Document Object Model

The Document Object Model is the language independent and platform independent interface which allows to interact with the document. Typically this interaction is with the objects of the HTML, XHTML and XML documents. DOM can change the content, style and structure of such documents. DOM API is provided in different languages to dynamically change the documents.^[1]

DOM structure

DOM is a programming API for documents. DOM builds tree for each document and then it traverses that tree to read different nodes of the tree. This tree is HTML/XML like structure where each node represents attribute, element, content or some other object. Each of these nodes implements node interface. Node interface has prototype of the methods which are useful to traverse the tree and read or modify the node contents. Below is the sample node tree structure.^[2]

Different nodes in the above tree structure can be accessed using properties provided by Node interface. e.g. NodeA.firstChild = NodeA1 NodeA.childNodes[1] = NodeA2 NodeA.firstChild .firstChild = NodeA1a

The Node interface provides methods to dynamically change the tree structure or node content. e.g. insertBefore() method is used to insert new node before the specified node. The Document object model has document as the root. It also implements Node interface. Using methods such as getElementById(),getElementsByName() one can randomly access the elements in the tree where document is the root.^[3]

DOM in HTML, XML, Javascript

DOM is used for the objects in HTML or XML. DOM parser is used in Javascript to access or change these objects dynamically.

DOM in HTML

DOM creates the tree structure for the HTML page. In DOM tree, base <HTML> tag corresponds to the root node in tree structure. Consider the below HTML syntax for table^[4]

<table>
<tr>
<td>CSC517</td> <td>Dr. Gehringer</td> </tr> <tr> <td>CSC540</td> <td>Dr. Ogan</td> </tr> </table>

The corresponding DOM tree for this is,

Thus for every HTML page DOM builds the tree which can be later accessed using different methods provided by node interface.

DOM in XML

DOM also provides interface which works with XML. Using DOM one can access the XML nodes randomly also it provides method which allows to change the contents or structure of the XML document dynamically. Consider the following example of XML^[5],

<bookstore>
 <book>
   <title>Everyday Italian</title>
   <author>Giada De Laurentiis</author>
 </book>
 <book>
   <title>Harry Potter</title>
   <author>J.K. Rowling</author>
 </book>
</bookstore>

The corresponding DOM tree for this is,

DOM in Javascript

Javascript uses DOM to access or change the HTML/XML objects dynamically. Consider the below example of table in HTML

CSC517	Dr. Gehringer
CSC540	Dr. Ogan

To change the content of first cell from CSC517 to ECE517 in javascript, DOM is used.

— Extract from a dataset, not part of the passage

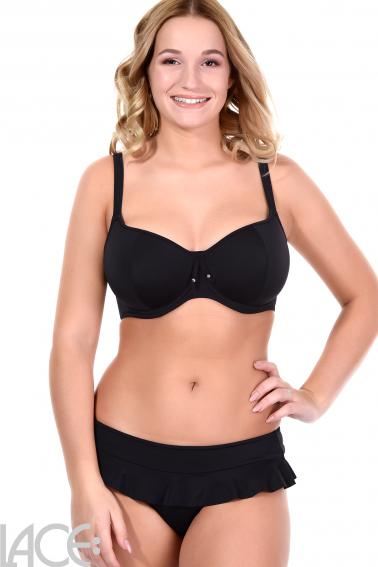 Freya Swim - Remix Bikini Push Up BH F-L skål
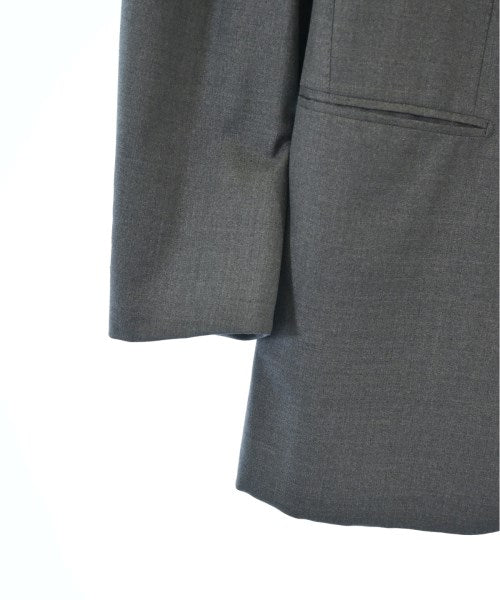 Gaetano Aloisio 商務西裝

It can access the content of that cell using getElementById(). There is innerHTML property which allows to change the content of corresponding node. So document.getElementById("course1").innerHTML="ECE517"; will change the cell content from CSC517 to ECE517. There are other methods like getElementsByTagName() which also can be used for accessing the node.

Relation between DOM and other object models

DOM is one of the object model. At first, it sounds out of context to refer DOM as one of the object models but it is based on object concept. Though the object concept associated with DOM is different from the standard object concept associated with object oriented languages like Java, C++. The term object model can be used in two different contexts^[6]. The first one is associated with object oriented languages like Java, C++. These object models are described with inheritance, encapsulation, abstraction etc. The second is the one in which programs can access, manipulate the specific parts of the context using a collection of classes or objects. Document Object Model fits in this concept. DOM is nothing but the collection of objects which represents the HTML/XHTML/XML document.

Any object model has three key concepts

data structures that can be used to represent the object state
ways to associate behaviour with the object state
ways for the object methods to access and operate on that state

The name "Document Object Model" was chosen because it is an "object model" in the traditional object oriented design sense: documents are modeled using objects, and the model encompasses not only the structure of a document, but also the behavior of a document and the objects of which it is composed. In other words, the nodes in the above diagram do not represent a data structure, they represent objects, which have functions and identity. As an object model, the DOM identifies:

the interfaces and objects used to represent and manipulate a document
the semantics of these interfaces and objects - including both behavior and attributes
the relationships and collaborations among the interfaces and objects

Thus DOM is based on Object concept as it uses methods and properties of objects to modify or access the documents.

Other Competing Solutions

DOM is the popular parser for XML/HTML documents but there are other competing solutions. Simple API for XML(SAX), Java Architecture for XML Binding(JAXB) are other popular solutions.

Simple API for XML (SAX)

The Simple API for XML (SAX) is the event-driven, serial-access mechanism that does element-by-element processing. SAX allows you to process a document as it's being read, which avoids the need to wait for all of it to be stored before taking action. Being an event-based interface, the parser reports events whenever it sees a tag/attribute/text node/unresolved external entity/other. SAX is a streaming interface — applications receive information from XML documents in a continuous stream, with no backtracking or navigation allowed. This approach makes SAX extremely efficient, handing XML documents of nearly any size in linear time and near-constant memory, but it also places greater demands on the software developer's skills. As a result, the programmer has to attach “event handlers” to handle the events.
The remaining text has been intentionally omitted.